Dr Mario Angelico from Italy evaluated Hepatitis B-core antibody positive donors in liver transplantation and their impact on graft survival within Liver Match, a prospective observational Italian study.
Data from 1437 consecutive, first transplants performed in 2007–2009 using grafts from deceased heart beating donors were analyzed.
Of these, 219 were HBcAb positive.
The team report that 66 HBcAb positive grafts were allocated to HBsAg positive, and 153 to HBsAg negative recipients.
The team noted that 329 graft losses occurred, including 66 among 219 recipients of HBcAb positive grafts, and 263 among 1218 recipients of HBcAb negative grafts.
The researchers assessed that graft survival was lower in recipients of HBcAb positive compared to HBcAb negative donors, with unadjusted 3-year graft survival of 0.69 and 0.77, respectively.
|Graft loss due to de novo HBV hepatitis occurred only in 1 patient|
|Journal of Hepatology|
After stratifying for recipient HBsAg status, this difference was only observed among HBsAg negative recipients, 3-year graft survival being excellent among HBsAg positive recipients, regardless of the HBcAb donor status.

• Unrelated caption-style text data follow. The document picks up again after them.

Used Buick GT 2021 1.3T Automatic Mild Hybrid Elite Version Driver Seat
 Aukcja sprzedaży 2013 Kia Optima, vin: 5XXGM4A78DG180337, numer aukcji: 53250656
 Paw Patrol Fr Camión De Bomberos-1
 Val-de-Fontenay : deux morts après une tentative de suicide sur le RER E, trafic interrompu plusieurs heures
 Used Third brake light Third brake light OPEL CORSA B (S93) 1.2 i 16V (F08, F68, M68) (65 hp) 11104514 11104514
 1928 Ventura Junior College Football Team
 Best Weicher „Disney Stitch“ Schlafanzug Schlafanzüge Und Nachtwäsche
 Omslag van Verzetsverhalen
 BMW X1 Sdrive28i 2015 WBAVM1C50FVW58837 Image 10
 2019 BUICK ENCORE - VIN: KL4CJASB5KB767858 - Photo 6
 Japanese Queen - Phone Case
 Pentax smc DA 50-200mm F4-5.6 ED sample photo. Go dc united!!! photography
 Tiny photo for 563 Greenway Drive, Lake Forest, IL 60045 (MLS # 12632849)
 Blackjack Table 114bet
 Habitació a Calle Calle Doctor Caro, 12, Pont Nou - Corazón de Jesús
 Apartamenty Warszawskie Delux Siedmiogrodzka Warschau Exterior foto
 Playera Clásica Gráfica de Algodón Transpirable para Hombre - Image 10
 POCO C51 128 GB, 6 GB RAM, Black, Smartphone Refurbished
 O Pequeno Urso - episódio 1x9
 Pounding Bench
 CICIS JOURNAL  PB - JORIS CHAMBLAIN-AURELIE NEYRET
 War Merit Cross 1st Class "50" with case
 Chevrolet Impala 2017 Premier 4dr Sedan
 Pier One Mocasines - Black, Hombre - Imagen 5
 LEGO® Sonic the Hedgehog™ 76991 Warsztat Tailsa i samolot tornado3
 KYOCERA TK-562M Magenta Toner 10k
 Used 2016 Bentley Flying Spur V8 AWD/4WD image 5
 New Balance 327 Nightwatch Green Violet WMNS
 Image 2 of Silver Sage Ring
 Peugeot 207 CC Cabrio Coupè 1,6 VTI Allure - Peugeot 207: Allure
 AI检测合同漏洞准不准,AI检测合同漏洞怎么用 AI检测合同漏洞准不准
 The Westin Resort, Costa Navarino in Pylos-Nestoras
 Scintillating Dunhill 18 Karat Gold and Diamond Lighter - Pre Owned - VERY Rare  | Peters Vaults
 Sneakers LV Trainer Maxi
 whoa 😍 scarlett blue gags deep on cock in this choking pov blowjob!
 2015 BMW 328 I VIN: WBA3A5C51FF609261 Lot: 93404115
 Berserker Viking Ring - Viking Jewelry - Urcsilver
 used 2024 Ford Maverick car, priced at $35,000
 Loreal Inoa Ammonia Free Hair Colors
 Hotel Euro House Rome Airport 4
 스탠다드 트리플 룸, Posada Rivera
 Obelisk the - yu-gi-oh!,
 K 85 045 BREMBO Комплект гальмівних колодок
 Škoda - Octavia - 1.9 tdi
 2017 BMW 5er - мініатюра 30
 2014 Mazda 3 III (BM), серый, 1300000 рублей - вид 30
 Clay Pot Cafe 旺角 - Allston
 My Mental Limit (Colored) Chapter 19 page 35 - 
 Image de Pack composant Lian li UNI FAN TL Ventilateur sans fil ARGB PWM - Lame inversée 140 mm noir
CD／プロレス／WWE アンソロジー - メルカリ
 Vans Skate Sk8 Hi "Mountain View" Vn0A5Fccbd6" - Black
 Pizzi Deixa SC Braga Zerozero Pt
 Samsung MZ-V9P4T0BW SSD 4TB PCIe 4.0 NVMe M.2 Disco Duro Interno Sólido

The team of doctors observed that graft loss due to de novo HBV hepatitis occurred only in 1 patient.
At Cox regression, hazard ratios for graft loss included MELD, donor HBcAb positivity, recipient HBsAg positivity, portal vein thrombosis, and DRI.
Dr Angelico's team commented "HBcAb positive donor grafts have better outcomes when transplanted into HBsAg positive than HBsAg negative recipients."
"These findings suggest that donor HBcAb positivity requires more stringent allocation strategies."